THE TASK: Please keep to the lines below from the one with "Hotel De Gulden" through the one with "This is your", and restate them word for word, ends included.

───── ENTRIES SUPPLIED ─────

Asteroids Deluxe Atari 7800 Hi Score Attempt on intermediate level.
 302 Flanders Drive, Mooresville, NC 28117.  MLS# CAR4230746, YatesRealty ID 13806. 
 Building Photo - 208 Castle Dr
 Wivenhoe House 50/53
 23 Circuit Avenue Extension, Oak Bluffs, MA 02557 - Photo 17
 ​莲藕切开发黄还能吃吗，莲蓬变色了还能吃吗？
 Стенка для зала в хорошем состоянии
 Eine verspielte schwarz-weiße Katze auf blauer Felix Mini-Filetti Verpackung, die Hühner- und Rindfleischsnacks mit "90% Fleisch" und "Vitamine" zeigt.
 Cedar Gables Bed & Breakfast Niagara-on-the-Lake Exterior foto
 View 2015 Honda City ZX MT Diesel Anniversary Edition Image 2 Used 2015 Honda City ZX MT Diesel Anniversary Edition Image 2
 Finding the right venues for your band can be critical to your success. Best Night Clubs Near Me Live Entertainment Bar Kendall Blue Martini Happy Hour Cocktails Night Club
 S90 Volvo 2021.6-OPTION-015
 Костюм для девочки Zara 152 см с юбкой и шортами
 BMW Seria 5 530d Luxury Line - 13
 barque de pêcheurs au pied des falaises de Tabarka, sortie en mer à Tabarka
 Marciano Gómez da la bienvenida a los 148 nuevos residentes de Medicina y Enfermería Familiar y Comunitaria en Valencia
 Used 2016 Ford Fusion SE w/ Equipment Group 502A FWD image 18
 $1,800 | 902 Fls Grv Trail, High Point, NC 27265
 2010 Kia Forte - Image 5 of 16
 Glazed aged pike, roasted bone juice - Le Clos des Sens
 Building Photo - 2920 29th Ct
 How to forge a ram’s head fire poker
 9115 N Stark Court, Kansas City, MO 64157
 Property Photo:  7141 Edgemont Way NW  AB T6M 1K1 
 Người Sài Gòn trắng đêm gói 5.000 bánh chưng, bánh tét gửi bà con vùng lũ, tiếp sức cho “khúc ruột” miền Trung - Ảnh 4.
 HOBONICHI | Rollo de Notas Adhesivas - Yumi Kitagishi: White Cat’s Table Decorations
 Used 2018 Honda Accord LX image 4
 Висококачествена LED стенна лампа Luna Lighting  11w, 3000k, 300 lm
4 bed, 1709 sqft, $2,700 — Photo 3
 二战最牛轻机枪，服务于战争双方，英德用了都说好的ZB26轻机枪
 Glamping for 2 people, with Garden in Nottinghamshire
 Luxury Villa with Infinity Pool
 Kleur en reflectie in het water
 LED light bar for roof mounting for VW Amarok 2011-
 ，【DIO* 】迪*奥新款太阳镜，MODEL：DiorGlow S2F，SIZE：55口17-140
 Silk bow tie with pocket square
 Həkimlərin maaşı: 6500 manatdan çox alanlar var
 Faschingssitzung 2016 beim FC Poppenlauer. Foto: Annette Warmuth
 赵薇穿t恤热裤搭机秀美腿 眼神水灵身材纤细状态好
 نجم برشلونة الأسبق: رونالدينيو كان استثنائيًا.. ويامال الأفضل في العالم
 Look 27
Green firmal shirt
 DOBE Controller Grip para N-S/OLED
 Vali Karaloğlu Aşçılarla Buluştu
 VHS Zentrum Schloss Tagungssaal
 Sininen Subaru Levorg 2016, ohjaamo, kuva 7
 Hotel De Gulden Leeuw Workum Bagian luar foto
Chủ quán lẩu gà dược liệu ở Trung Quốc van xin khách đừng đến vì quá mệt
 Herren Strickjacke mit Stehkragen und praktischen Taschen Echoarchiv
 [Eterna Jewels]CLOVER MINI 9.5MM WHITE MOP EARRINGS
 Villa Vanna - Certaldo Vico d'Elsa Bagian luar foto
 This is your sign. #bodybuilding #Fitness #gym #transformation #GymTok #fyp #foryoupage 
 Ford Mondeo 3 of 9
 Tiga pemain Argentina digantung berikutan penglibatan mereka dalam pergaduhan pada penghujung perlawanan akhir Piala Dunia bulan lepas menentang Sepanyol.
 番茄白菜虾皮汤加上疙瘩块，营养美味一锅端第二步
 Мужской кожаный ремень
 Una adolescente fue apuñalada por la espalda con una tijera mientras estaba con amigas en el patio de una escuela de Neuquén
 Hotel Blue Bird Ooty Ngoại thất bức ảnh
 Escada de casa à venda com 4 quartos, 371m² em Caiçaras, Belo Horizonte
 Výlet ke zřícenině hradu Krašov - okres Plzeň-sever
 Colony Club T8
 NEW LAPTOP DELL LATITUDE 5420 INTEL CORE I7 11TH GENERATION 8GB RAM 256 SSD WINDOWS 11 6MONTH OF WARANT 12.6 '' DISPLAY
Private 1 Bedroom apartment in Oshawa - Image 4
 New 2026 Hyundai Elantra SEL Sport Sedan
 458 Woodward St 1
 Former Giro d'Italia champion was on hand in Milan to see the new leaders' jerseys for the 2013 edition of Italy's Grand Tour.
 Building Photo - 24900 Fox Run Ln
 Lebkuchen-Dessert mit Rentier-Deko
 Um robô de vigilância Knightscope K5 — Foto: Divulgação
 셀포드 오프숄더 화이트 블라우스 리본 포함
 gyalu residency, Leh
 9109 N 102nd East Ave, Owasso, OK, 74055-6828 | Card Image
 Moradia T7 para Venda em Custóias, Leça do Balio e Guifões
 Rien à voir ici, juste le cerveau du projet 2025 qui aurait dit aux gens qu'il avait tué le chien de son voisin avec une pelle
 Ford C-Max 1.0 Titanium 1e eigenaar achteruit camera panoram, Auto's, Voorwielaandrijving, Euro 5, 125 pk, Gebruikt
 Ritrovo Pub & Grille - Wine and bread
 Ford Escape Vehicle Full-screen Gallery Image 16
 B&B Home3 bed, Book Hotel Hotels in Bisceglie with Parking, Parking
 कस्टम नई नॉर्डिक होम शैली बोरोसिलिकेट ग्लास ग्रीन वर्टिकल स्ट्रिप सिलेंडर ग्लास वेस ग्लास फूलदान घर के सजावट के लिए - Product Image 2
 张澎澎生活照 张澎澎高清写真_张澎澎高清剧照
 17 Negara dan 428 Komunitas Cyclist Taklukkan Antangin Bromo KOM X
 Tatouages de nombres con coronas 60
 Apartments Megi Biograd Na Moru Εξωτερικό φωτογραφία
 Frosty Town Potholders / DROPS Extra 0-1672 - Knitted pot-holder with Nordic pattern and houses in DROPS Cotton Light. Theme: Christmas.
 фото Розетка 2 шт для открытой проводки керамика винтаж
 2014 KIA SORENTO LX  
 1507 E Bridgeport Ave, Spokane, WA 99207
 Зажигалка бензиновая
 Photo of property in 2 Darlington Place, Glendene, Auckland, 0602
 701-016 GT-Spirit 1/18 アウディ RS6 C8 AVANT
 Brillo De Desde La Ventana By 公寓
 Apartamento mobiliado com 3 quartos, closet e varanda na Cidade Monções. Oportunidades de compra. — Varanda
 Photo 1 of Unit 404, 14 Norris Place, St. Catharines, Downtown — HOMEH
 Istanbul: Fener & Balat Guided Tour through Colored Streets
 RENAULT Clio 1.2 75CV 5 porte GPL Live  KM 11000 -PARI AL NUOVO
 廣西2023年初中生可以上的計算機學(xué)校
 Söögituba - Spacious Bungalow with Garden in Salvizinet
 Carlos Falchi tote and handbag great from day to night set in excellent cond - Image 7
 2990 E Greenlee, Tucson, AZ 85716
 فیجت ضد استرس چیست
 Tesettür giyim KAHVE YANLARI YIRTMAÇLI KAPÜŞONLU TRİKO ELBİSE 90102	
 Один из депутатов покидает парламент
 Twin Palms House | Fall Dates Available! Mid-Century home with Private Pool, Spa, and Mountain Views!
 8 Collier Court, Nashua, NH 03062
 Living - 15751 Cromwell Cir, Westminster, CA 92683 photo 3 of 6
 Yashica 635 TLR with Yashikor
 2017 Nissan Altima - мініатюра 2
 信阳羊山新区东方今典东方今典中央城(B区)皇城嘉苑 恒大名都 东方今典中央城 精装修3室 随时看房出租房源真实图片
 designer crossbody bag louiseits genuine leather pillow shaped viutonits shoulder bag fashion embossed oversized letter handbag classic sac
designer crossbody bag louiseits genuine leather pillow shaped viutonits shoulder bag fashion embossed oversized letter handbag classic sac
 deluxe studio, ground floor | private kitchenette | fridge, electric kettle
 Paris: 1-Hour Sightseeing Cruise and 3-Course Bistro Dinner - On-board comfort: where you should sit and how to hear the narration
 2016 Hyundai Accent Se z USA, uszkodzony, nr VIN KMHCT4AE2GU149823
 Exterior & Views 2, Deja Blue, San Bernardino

─────

EXERCISE RESPONSE:
 Hotel De Gulden Leeuw Workum Bagian luar foto
Chủ quán lẩu gà dược liệu ở Trung Quốc van xin khách đừng đến vì quá mệt
 Herren Strickjacke mit Stehkragen und praktischen Taschen Echoarchiv
 [Eterna Jewels]CLOVER MINI 9.5MM WHITE MOP EARRINGS
 Villa Vanna - Certaldo Vico d'Elsa Bagian luar foto
 This is your sign. #bodybuilding #Fitness #gym #transformation #GymTok #fyp #foryoupage 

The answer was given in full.